(Information shown Opens)

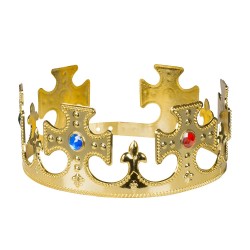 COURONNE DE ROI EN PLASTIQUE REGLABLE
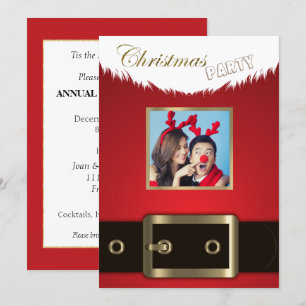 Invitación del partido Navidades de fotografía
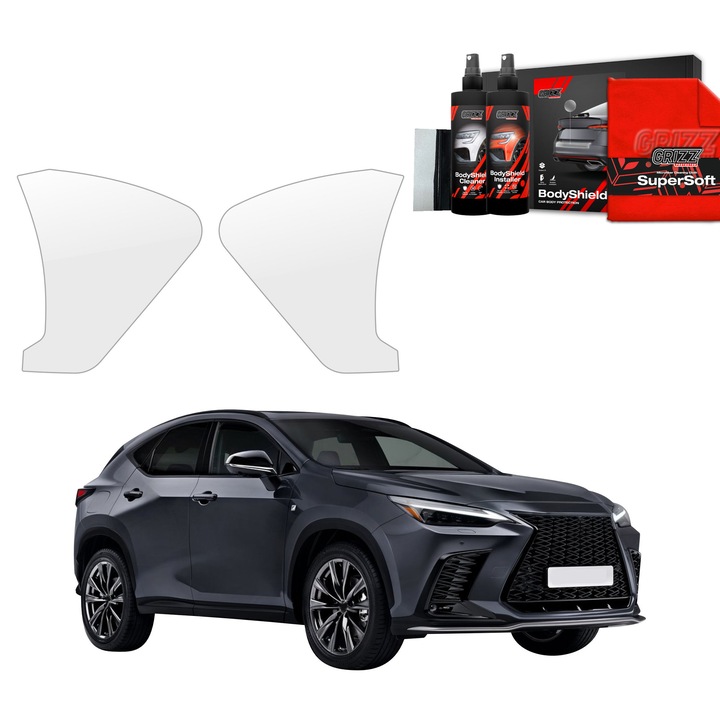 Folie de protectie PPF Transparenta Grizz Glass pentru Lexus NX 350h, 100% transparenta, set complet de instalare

(Information shown Closes)

Task instructions.
Reproduce the material in its entirety and word for word, without the pictures.

Task response.
 COURONNE DE ROI EN PLASTIQUE REGLABLE
 Invitación del partido Navidades de fotografía
 Folie de protectie PPF Transparenta Grizz Glass pentru Lexus NX 350h, 100% transparenta, set complet de instalare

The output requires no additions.